STATEMENT OF THE CASE: Appellant applied at the Detroit and Canada Tunnel on May 3, 1942, for admission as a United States citizen. A board of special inquiry found him expatriated and excluded him on the grounds above stated. From that action he appeals.
DISCUSSION: The appellant was born in Bradford, Pa., in 1891, of native-born parents. He has lived in Hamilton, Ontario, Canada, since 1916. Though he denies that he ever acquired Canadian citizenship, he admits that he voted in an election for alderman last November.
The appellant seeks admission for a visit as a United States citizen. He is not in possession of any consular or immigration documents.

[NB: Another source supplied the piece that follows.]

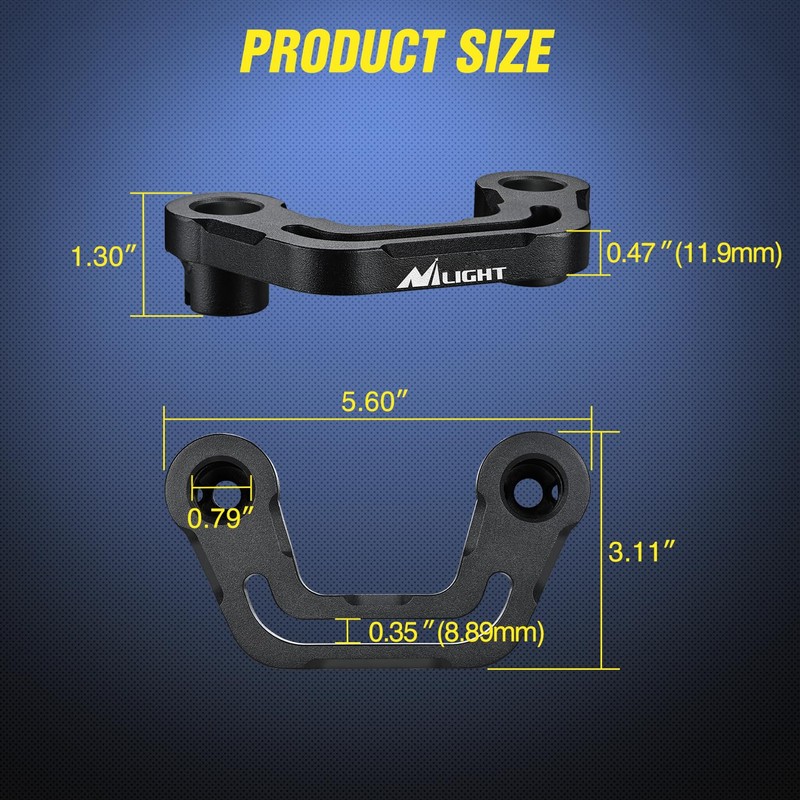 Nilight Light Mounting Bracket Hood Cowl Mount Brackets for Front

The Revised Statutes of Ontario, 1937, in chapter 266, titled Municipal Institutions, provides that a city council for a city such as Hamilton shall be composed of aldermen elected from the several wards of the city. The city council is the governing body of the city within the limitations elsewhere provided in the Municipal Institutions Act. It is specifically provided that voters in the municipal election, whereby aldermen are elected, shall be British subjects by birth or naturalization (sec. 56, p. 233, Revised Statutes of Ontario, 1937). Thus, though appellant denies that he was ever naturalized in Canada and voted simply as a property owner, he, nevertheless, exercised a right which by statute is extended only to British subjects.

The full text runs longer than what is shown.